When a famine came and was bad, Abram went into Egypt to escape it, Gen. 12;10. As they approach Egypt he makes an agreement with Sarai to pretend they are brother and sister because he was afraid they would kill him and take her. Apparently he had not learned that God was his protection yet, one of many lessons he would learn during his sorjurn in these alien lands.
    After they get to Egypt and the inhabitants see that Sarai is good looking, the princes recommend her to Pharaoh, who brings her into his house. Gen. 12;16 says this "and he entreated Abram well for her sake: and he had sheep, and oxen, and he asses, and menservants, and maidservants, and she asses, and camels." I'm not sure if this is a description of Abram's possessions, or a gift from Pharaoh. The Lord plagued the house of Pharaoh with great plagues for Sarai sake and Pharaoh calls Abram to task for his dishonesty. He then commands his men to send him away with his wife and all that he had.

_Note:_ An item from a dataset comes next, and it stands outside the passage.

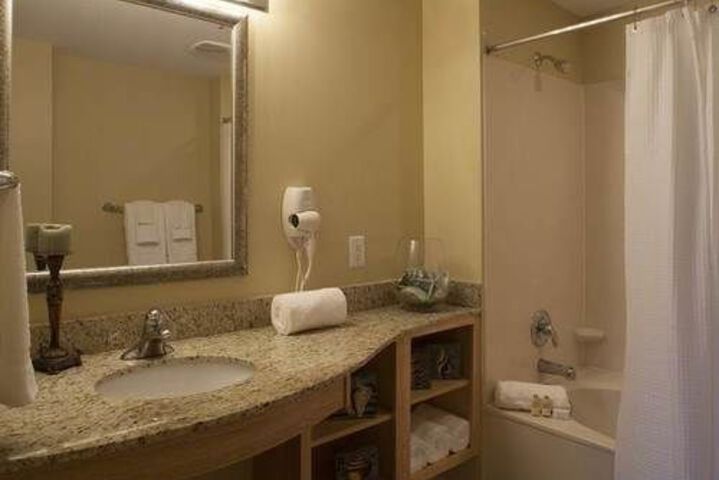 Room 6 of 30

   Abram returns from Egypt very rich in cattle, and silver, and gold to the place where he was before, Bethel, where he had built an altar and again called upon the name of the Lord. Again the Bible is silent as to if the Lord answered, though i tend to believe that He did not at least not in a significant way. Lot, who was still with him, also had cattle and servants and the land was not able to support both of them. They begin arguing and Abram tells Lot to choose which way he wanted to go so that they might separate, and he would choose the opposite. Perhaps the Lord answered Abram by allowing the strife between his men and Lot's, who was not supposed to be with him. Whether that is the case or not, they separate, Lot "walking by sight" choosing the well watered plain of Jordan which before the overthrow of Sodom was as the "garden of the Lord," 13;10. "But the men of Sodom were wicked and sinners before the Lord exceedingly" vs. 13. Thus Abram finally becomes fully obedient to the Lords original instructions and is immediately rewarded in vs. 14. And the Lord said unto Abram, after that Lot was separated from him. "Lift up now thine eyes and look from the place where thou art northward, and southward, and eastward, and westward: for all the land which thou seest, to thee will I give it, and to thy seed forever. And I will make thy seed as the dust of the earth: so that if a man can number the dust of the earth, then shall thy seed also be numbered. Arise, walk through the land in the length of it and in the breadth of it: for I will give it unto thee." So when the Lord got Abram in obedience to the place and condition His plan demanded He, the Lord, confirms the promise, adds greater understanding to the limits and extent of the promise, and gives Abram new instructions. Gen. 13;18 "Then Abram removed his tent, and came and dwelt in the plain of Mamre, which is in Hebron, and built there an altar unto the Lord." This is Abram's third altar that he built and it is curious that at this alter he does not call upon the name of the Lord. Personally i think he is learning to walk by faith and beginning to use his altars for worship and thanksgiving instead of asking why and when. This is a lesson much easier to talk about than to learn, but you will never find the will of God until you learn to do what He says and leave the results to Him. Thank God He is willing to sometimes maneuver us into a position of obedience.